A prominent rights group has criticized Aung San Suu Kyi for defending the jailing of two journalists in Myanmar.
After sentences were given to Wa Lone and Kyaw Soe Oo for possessing police documents during their investigation of the killing of Rohingya Muslims in the country, she said the convictions "had nothing to do with freedom of expression at all."
International governments and the U.N. have both condemned the sentences as a miscarriage of justice and a sign that freedom of expression in the Southeast Asian country was eroding.
In her first comments since the seven-year sentences were handed down, Myanmar's de facto leader said the Reuters reporters "were not jailed for being journalists" but for breaking the colonial-era Official Secrets Act.
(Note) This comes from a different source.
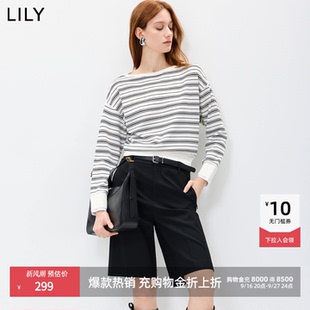 LILY2026秋新款莱赛尔混纺复古撞色条纹宽松通勤长袖套头针织衫女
"I wonder whether very many people have actually read the summary of the judgment, which had nothing to do with freedom of expression at all, it had to do with an Official Secrets Act," Reuters reported her as saying.
"If we believe in the rule of law, they have every right to appeal the judgment and to point out why the judgment was wrong," she said, addressing the World Economic Forum in Hanoi, Vietnam.
However in a statement to Newsweek, Phil Robertson, Deputy Asia Director for Human Rights Watch, said that "Aung San Suu Kyi once again got it all wrong" when she spoke about the verdict.
"She fails to understand that real 'rule of law' means respect for evidence presented in court, actions brought based on clearly defined and proportionate laws and independence of the judiciary from influence by the government or security forces."
"On all these counts, the trial of the Reuters journalists failed the test," he added.
Aung San Suu Kyi, a Nobel laureate, did say her government could have handled better the situation in Rakhine state, from where hundreds of thousands of Muslims have fled into neighboring Bangladesh.
"But we believe that in order to have long-term security and stability we have to be fair to all sides. We can't choose who should be protected by rule of law," she said, according to Reuters.
More than 700,000 Rohingya Muslims fled after government troops led a brutal crackdown in Rakhine state in response to attacks by the Arakan Rohingya Salvation Army.
U.N. investigators have said Myanmar's military carried out mass killings and gang rapes of Rohingya with "genocidal intent," a claim the government denies.